Well ordered some more greenery for her today, looks a bit dull in there. Good idea adding another level, I shall devise a way to do it less the plant pot lol.

Glad you like her & glad I shared my pics. :2thumb:


----------



## ph0bia (Feb 21, 2009)

The ExoTerra Invertebrae Kit is the only one of their products I have a serious problem with. It states it's suitable for a B.smithi, but it's really not suitable for any terrestrial spider (in my opinion) due to the height and thus fall distance. 

It's more suited for arboreals/semi-arboreals but even then it has a mesh top... My girlfriend keeps her H.maculata in one of these setups, but we took out the mesh top and put a drilled acetate sheet in its place. Still ventilates and secures, but no chance of getting caught.

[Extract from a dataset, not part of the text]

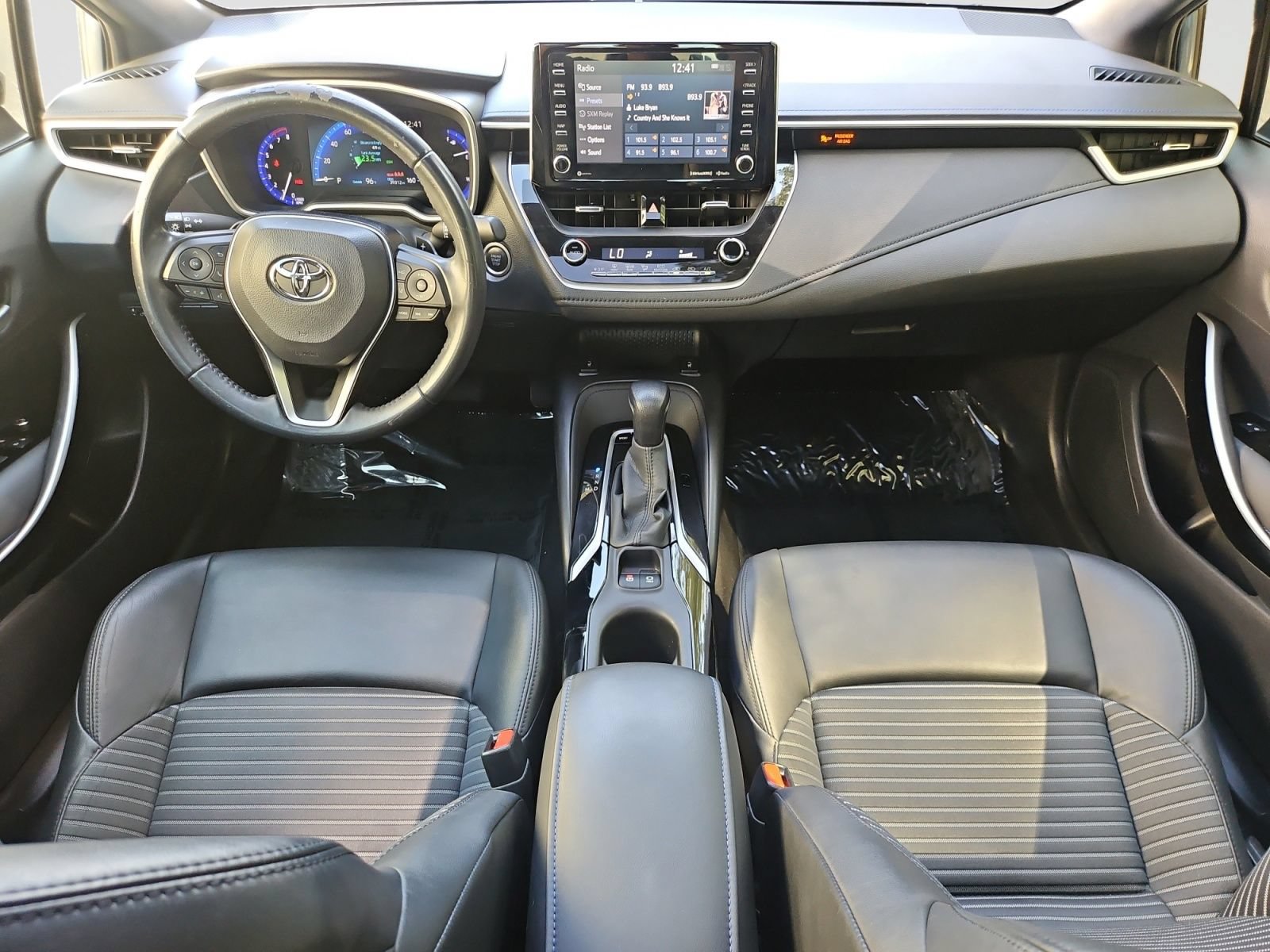 Used 2020 Toyota Corolla XSE FWD image 13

I agree with Dan here, these species are found up the side of mountains on the Pacific coast of Mexico in scrub-forests. They tend to occupy abandoned burrows (from other spiders, rodents and the like) and maybe modify them to their needs, but are certainly not climbers.

Whilst the species doesn't mind moisture (they experience light showers and mountain mists) they do hate wet substrate. B.smithi are not born climbers, and the only time I've seen one climb like that is with wet substrate. It's worth drying the substrate out before introducing the spider, in my opinion, in case they do fall and kill themselves. A horrible way to lose your pet.

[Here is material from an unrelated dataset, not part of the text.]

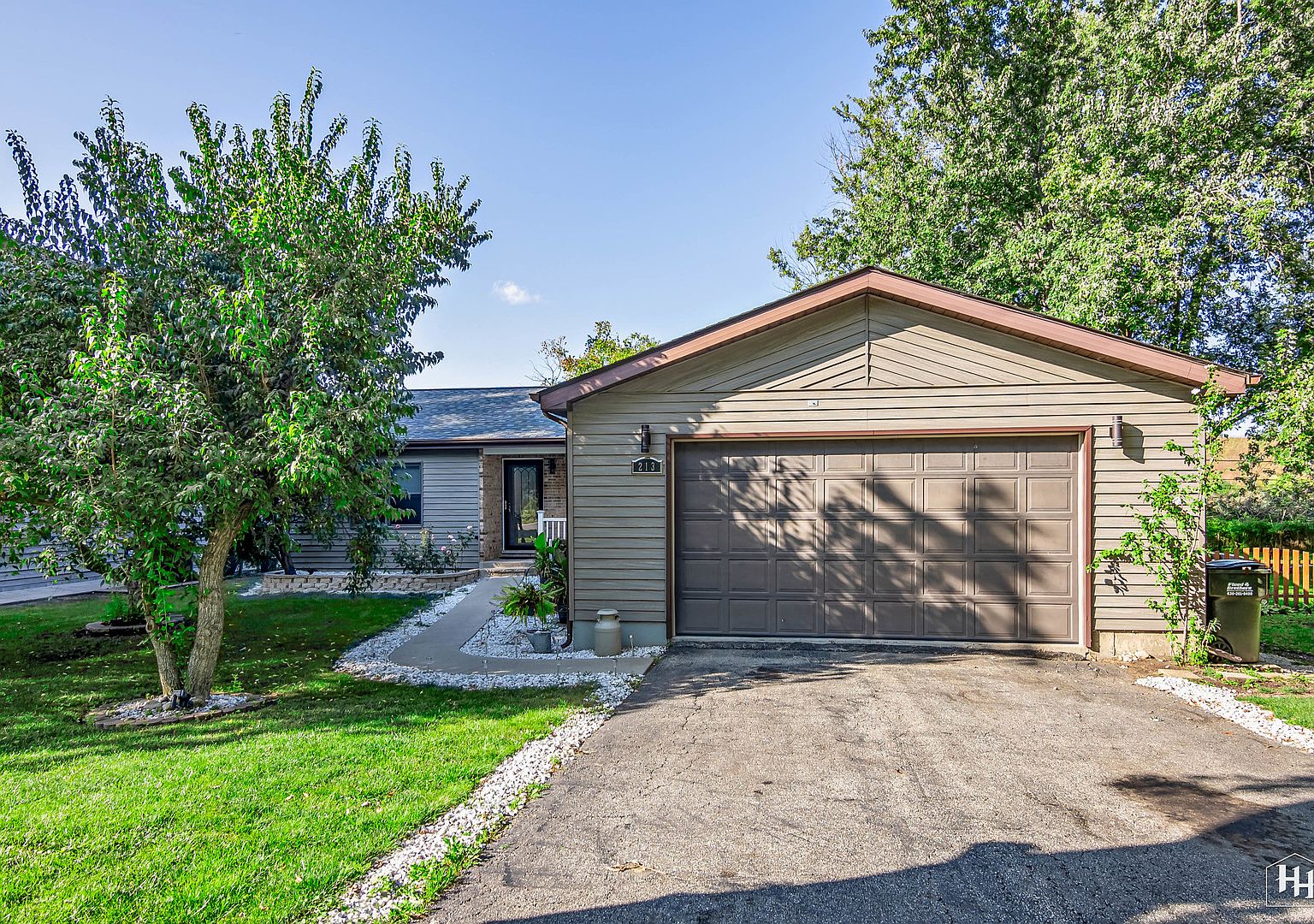 213 Plum St, Lake In The Hills, IL 60156 Zillow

Forgive me, don't mean to sound like I'm having a go, just my two cents. A very pretty spider otherwise, I can't wait til mine hits that size.

As for levelling, take a look in the enclosures link in my signature. A lot of my spiders I create levels for, a shallow end, then the burrow under a high end.


----------



## Arachnoking (May 21, 2005)

Everyone has there own oppinions and views. No one is right or wrong and although we obviously all want to protect our animals theres no right or wrong if it works. Ive had my B smithi female for bout 11 years from a spiderling and shes absolutely fine in her exo terra viv. Nothing you guys say is going to change that lol but im always willing to read peoples views but some of it does seem unrelated dribble:lol2::bash:

This is my female and her set up. she has a pre built burrow under the cork and she is having a munch in this pic. shes thriving as she is so nuff said :lol2:














Dean


----------



## Becky (Mar 26, 2007)

I won't keep terrestrials in exo's personally


----------



## Cockys Royals (Jun 28, 2008)

Hey there welcome to the thread Arachnoking :2thumb:


----------



## Cockys Royals (Jun 28, 2008)

Ok updated pics lol




























Little extra fake plants & more hides. Got some more plants coming soon : victory:


----------



## Danhalen (Jun 6, 2008)

Arachnoking said:


> Everyone has there own oppinions and views. No one is right or wrong and although we obviously all want to protect our animals theres no right or wrong if it works. Ive had my B smithi female for bout 11 years from a spiderling and shes absolutely fine in her exo terra viv. Nothing you guys say is going to change that lol but im always willing to read peoples views but some of it does seem unrelated dribble:lol2::bash:
> 
> This is my female and her set up. she has a pre built burrow under the cork and she is having a munch in this pic. shes thriving as she is so nuff said :lol2:
> 
> ...




I originally signed up to help give information and advice based on alot of experience, and for the most part, it has been a welcome contribution. Yes, everyone has their own views and opinions, but to be honest I disagree with the statement that there is no right or wrong.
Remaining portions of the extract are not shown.